Up from Bondage: The Literatures of Russian and African American Soul, by Dale E. Peterson. Durham: Duke UP, 2000. 249 pp. ISBN 0-8223-2560-8.

The possibility of comparing Russian and African-American experiences of bondage within literate cultures that celebrated the European Enlightenment tale of progress toward free individuals and self-determining nations has been an attractive and intriguing one recognized first by some of the African American writers and thinkers examined in Dale Peterson's Up from Bondage: The Literatures of Russian and African American Soul. Academics have addressed the problem in the biographical details of individual authorial inspiration and from a historical-sociological perspective in work such as Peter Kolchin's Unfree Labor: American Slavery and [End Page 222] Russian Serfdom (Cambridge: Harvard UP, 1987). Although the suggestive parallels of intellectual and literary history have been, in this reviewer's experience, a topic of conversation in and out of the classroom, Peterson's is, so far as I know, a pioneering overview. Compiled largely of previously published essays substantially reworked into explicitly comparative exercises (a sign of an evolving sensibility on the author's part and, perhaps, an indication of continuing uncertainty about the status of comparative work in many of our discipline-based journals), Up from Bondage has much to offer the student of the varieties of nationalism in the course of performing some new readings of Russian and African American literary classics.

Peterson's chapters pair Russian and African American members of literate elites, examining their strategies for negotiating with the conventions of European culture in order to come to terms with or problematize the relations of their marginalized peoples to an exclusionary, Eurocentric process of universal history, whether by devising means for "belated" assimilation or for producing a recognizably unique, oppositional ethnic voice.

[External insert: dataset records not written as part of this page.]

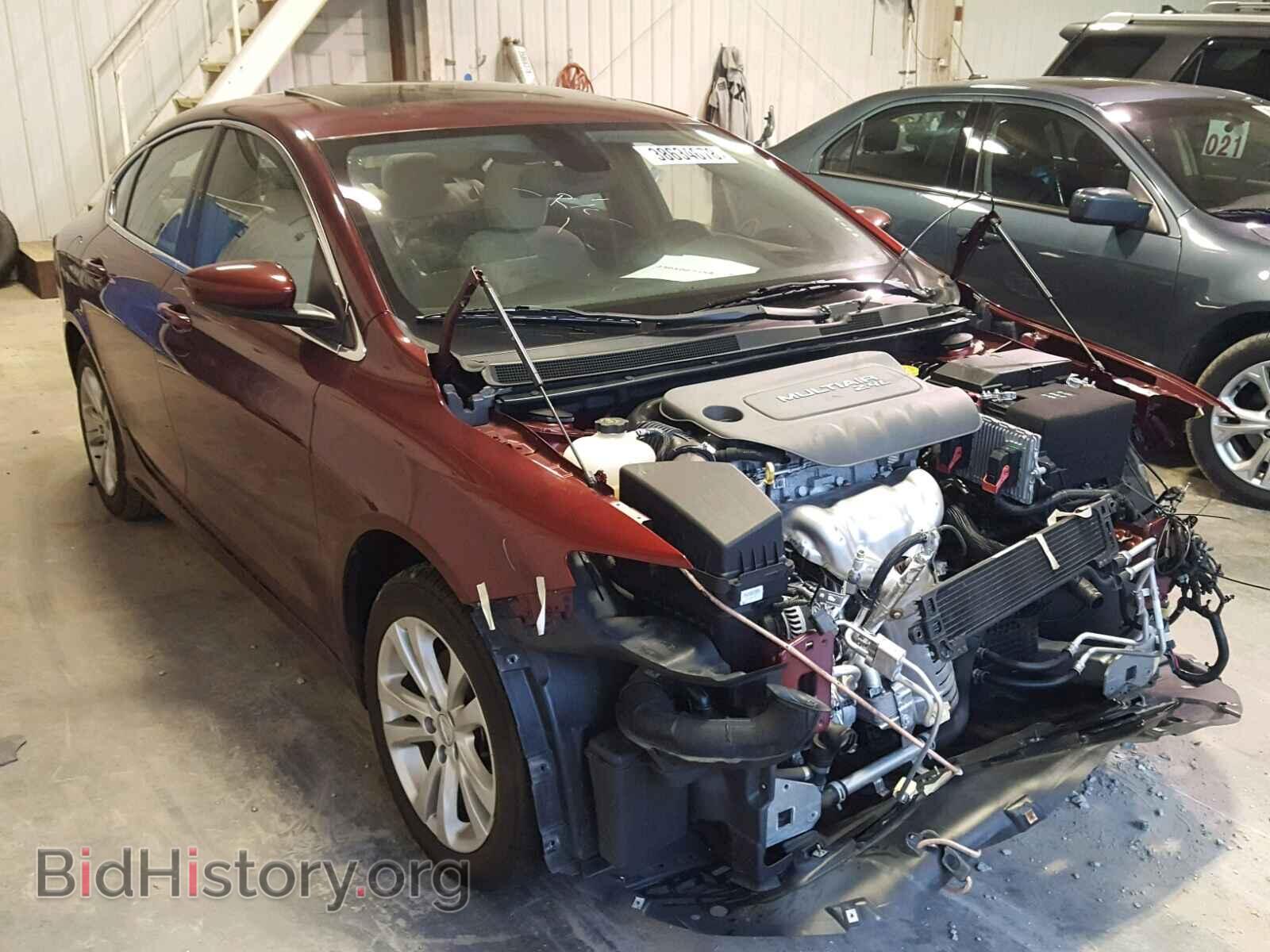 Photo 1C3CCCAB2FN718803 - CHRYSLER 200 2015
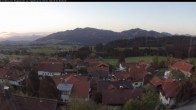 Archiv Foto Webcam Mittelberg: Blick Tegelberg 05:00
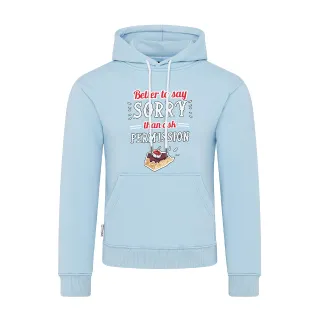 Men Hoodie | 2. Better to say sorry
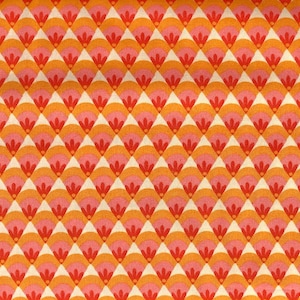 Monaluna Raaga Sunrise Organic Cotton Fabric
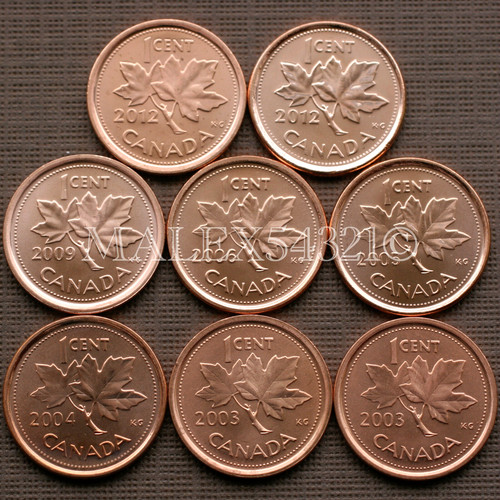 Canada set of the - set,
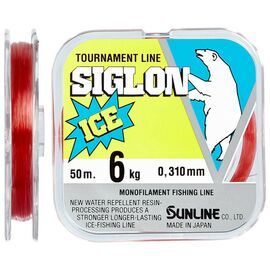 Леска Sunline_ТОВ Siglon F ICE 50m 2.5/0.260mm 5.0kg (1658.10.15)
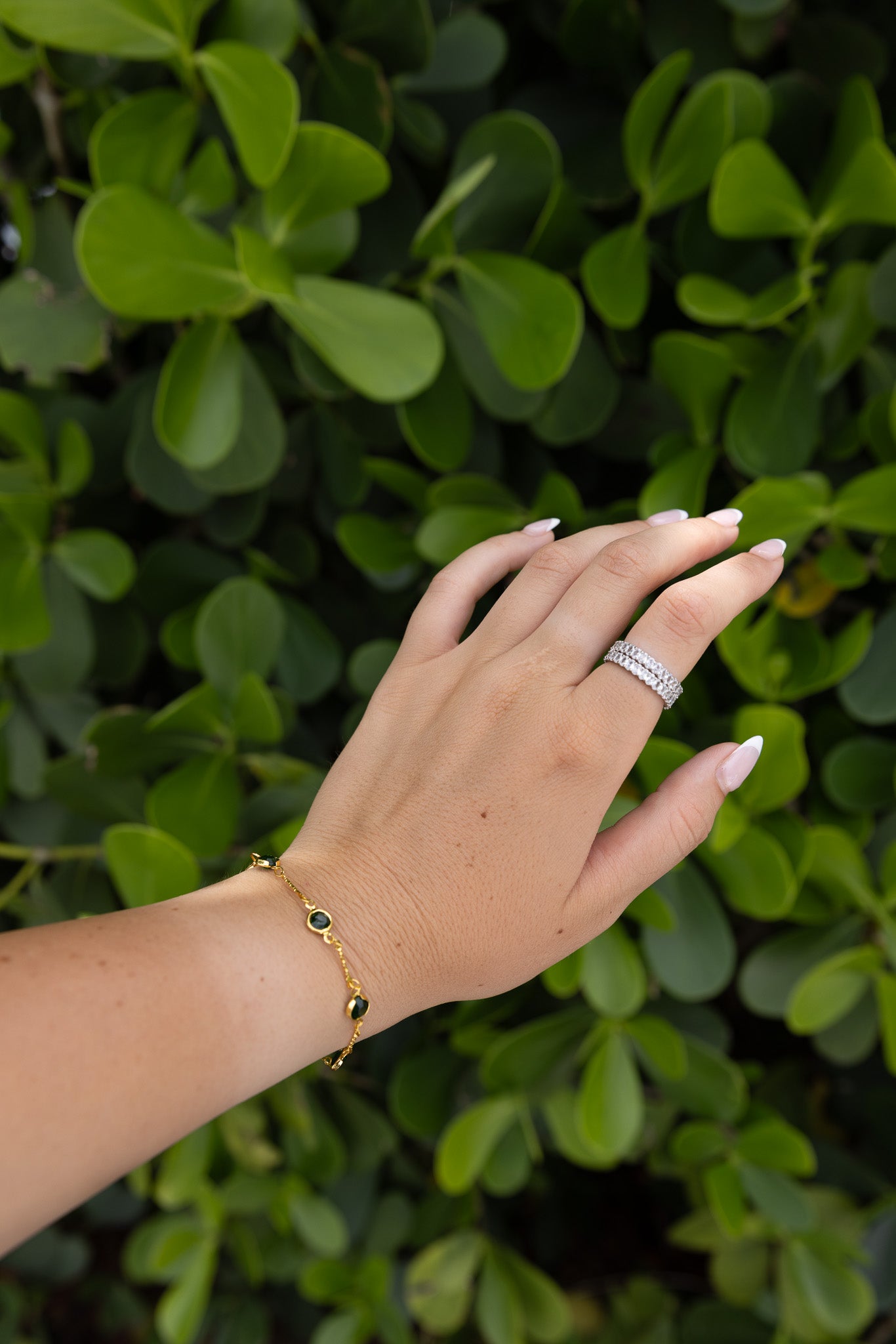 GREEN GODESS BRACELET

The time span and range of textual practices are broad, extending from Alexander Crummell to Henry Louis Gates, Jr., and Houston Baker, Jr., on the one hand, and from Peter Chaadaev to Valentin Rasputin on the other.

Any foray into such a field of comparison always leaves the author open to accusations of arbitrariness. I thought, for instance, that where Peterson had chosen Ivan Kireevsky's Slavophilism, Vladimir Solov'ev's complexly ambiguous position on nationalism would provide a more appropriate comparison to W. E. B. Du Bois's early formulations of a socially constructed but effectively real race idea. Still, the ease with which alternate or additional comparisons may be suggested merely confirms Peterson's basic premise that such comparison has much to teach us. He must be congratulated on the fruitfulness of his endeavor, which draws out the many nuances of cultural nationalism through the evidence of convincing close textual reading and scholarly synthesis. Paying careful attention to the details of literary genre, historical and geographical situation, and the interplay of "roots and routes,'" Peterson never allows his objects to collapse into an assimilating sameness. "Soul" is a term whose meaning is radically heterogeneous not only across cultures, but within each. Peterson, rather than attempting to exhaust the subject, has wisely chosen to compile an introductory survey that gestures toward further detailed research, inviting the reader to extend the dialogue.

 



Thomas J. Kitson

Thomas J. Kitson received his MA from The Ohio State University and is continuing his graduate studies at Columbia University in New York.